Continuous deformation field¶
First, let’s look at an example of a simple continuous deformation, in the variable shift. It should consist of two stacked arrays, each the same size/shape as the intended final lattice, (500x500) by default.
[2]:
S = 250
r_k = 0.05
xp, yp = np.mgrid[-S:S, -S:S]
xshift = 0.5*xp*np.exp(-0.5 * ((xp/(2*S/8))**2 + 1.2*(yp/(2*S/6))**2))
shift = np.stack([xshift, np.zeros_like(xshift)])
a = 30
plt.quiver(xp[::a,::a], yp[::a,::a],
*-shift[:,::a,::a], # There is a minus sign still wrong.

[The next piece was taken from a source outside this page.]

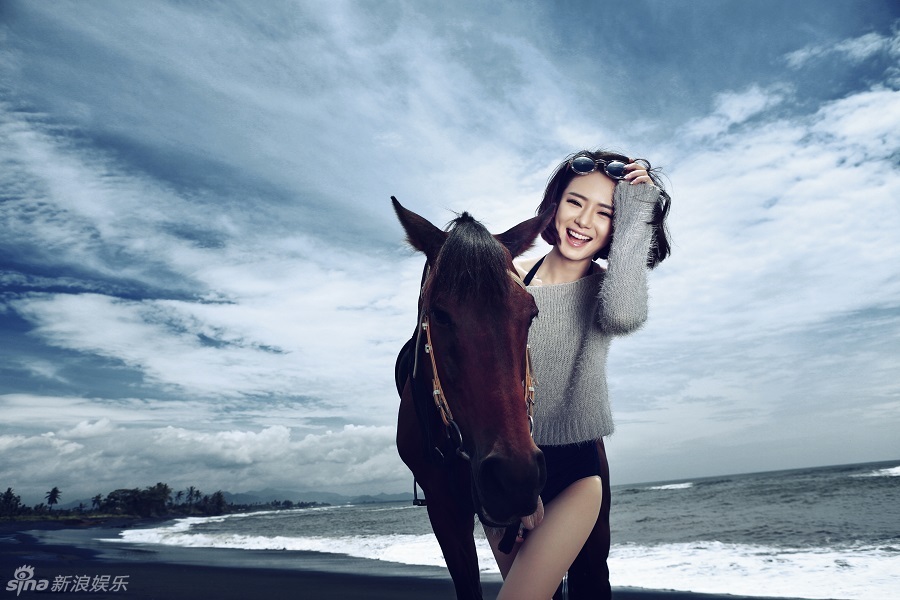 戚薇出道早期的照片(戚薇 早期) 戚薇出道早期的照片(戚薇 早期)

units='xy', scale=1, angles='xy')
plt.gca().set_aspect('equal')
[3]:
lattice = latticegen.hexlattice_gen(r_k=r_k, theta=0,
order=2, shift=shift)
plt.imshow(lattice.T, origin='lower')
[3]:
<matplotlib.image.AxesImage at 0x7f57ea8c1670>
Edge Dislocations¶
In a two-dimensional lattice, the edge dislocation is the only fundamental dislocation. latticegen supports rendering such dislocations using singularity_shift() to generate a corresponding deformation array (discontinuous now).
[4]:
l1 = np.array([90,90])
shift = singularity_shift(r_k, 5)
singularity = latticegen.hexlattice_gen(r_k, 5, 3, shift=shift)
shift2 = singularity_shift(r_k, 5, position=l1, alpha=np.pi)

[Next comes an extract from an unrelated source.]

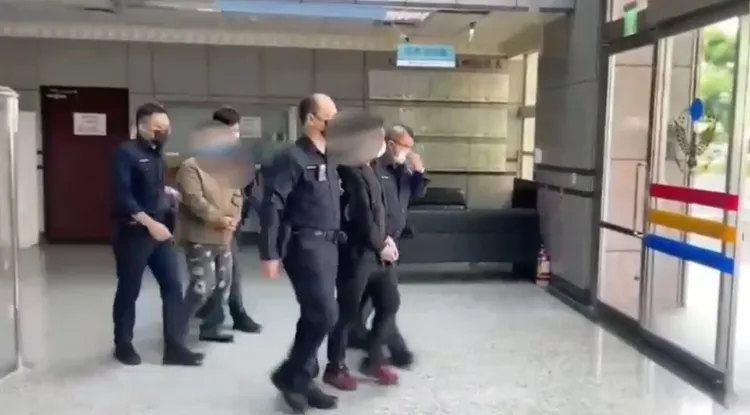 警方逮捕張姓古董掮客等人。翻攝畫面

singularity2 = latticegen.hexlattice_gen(r_k, 5, 3, shift=shift2)
ssum = latticegen.hexlattice_gen(r_k, 5, 3, shift=shift2+shift)
fig, ax = plt.subplots(figsize=[12,12], ncols=2, nrows=2)
ax=ax.flat
ax[0].imshow(singularity.compute().T)
ax[0].set_title('Singularity 1')
ax[1].imshow(singularity2.compute().T)
ax[1].set_title('Singularity 2')
ax[2].imshow(ssum.compute().T)
ax[2].set_title('Both singularities')
ax[3].set_title('Difference')
ax[3].imshow(ssum.compute().T - latticegen.hexlattice_gen(r_k, 5, 3).T.compute(),
cmap='seismic')
[4]:
<matplotlib.image.AxesImage at 0x7f57e3fc4e50>
Edge dislocation in a moiré lattice¶
As D.C. Cosma et al. describe, an atomic edge dislocation in a moiré lattice is magnified to a corresponding edge dislocation in the moiré lattice.
With this information a more complex example of the use of latticegen is shown below.
To illustrate the effect of the moiré lattice on the dislocation, we recreate an adapted version of the relevant panels from Figure 3 of De Jong et al.
[5]:
S = 600 #Size of visualization in pixels.
r_k = 0.05
xi0 = 0
alphai=3
sshift = singularity_shift(r_k, xi0, S, alpha=2*np.pi*alphai/6)
lattice1 = 0.7 * latticegen.hexlattice_gen(r_k, xi0, 3, S,
shift=sshift, chunks=400).compute()
lattice1 -= lattice1.min()
theta = 10
l2_shift = np.array([-1.5, -2])
lattice2 = latticegen.hexlattice_gen(r_k, xi0+theta, 3, S,
shift=l2_shift, chunks=400).compute()
lattice2 -= lattice2.min()
moire = np.sqrt((lattice1)**2 + (lattice2)**2)
z = 4
r = slice((z-1)*S//z//2, (z+1)*S//z//2)
[6]:
fig, axs = plt.subplots(ncols=3, figsize=[12, 5], constrained_layout=True)
inset_extent = [r.start, r.stop, r.start, r.stop]
axs[0].imshow(lattice1[r,r].T,
origin='lower',
extent=inset_extent,
)
axs[1].imshow(moire.T,
origin='lower',
)
axs[2].imshow(lattice2[r,r].T,
origin='lower',
extent=inset_extent,
)
axs[0].set_title('Bottom layer:\n single dislocation')
axs[1].set_title('Stacked graphene layers')
axs[2].set_title(f'Top layer: rotated by θ$ = ${theta}°')
rect = mpl.patches.Rectangle((r.start,r.start),
(r.stop-r.start), (r.stop-r.start),
edgecolor='red',
facecolor='none')
axs[1].add_patch(rect)
for ax in [axs[0], axs[2]]:
for axis in ['top','bottom','left','right']:
ax.spines[axis].set_color("red")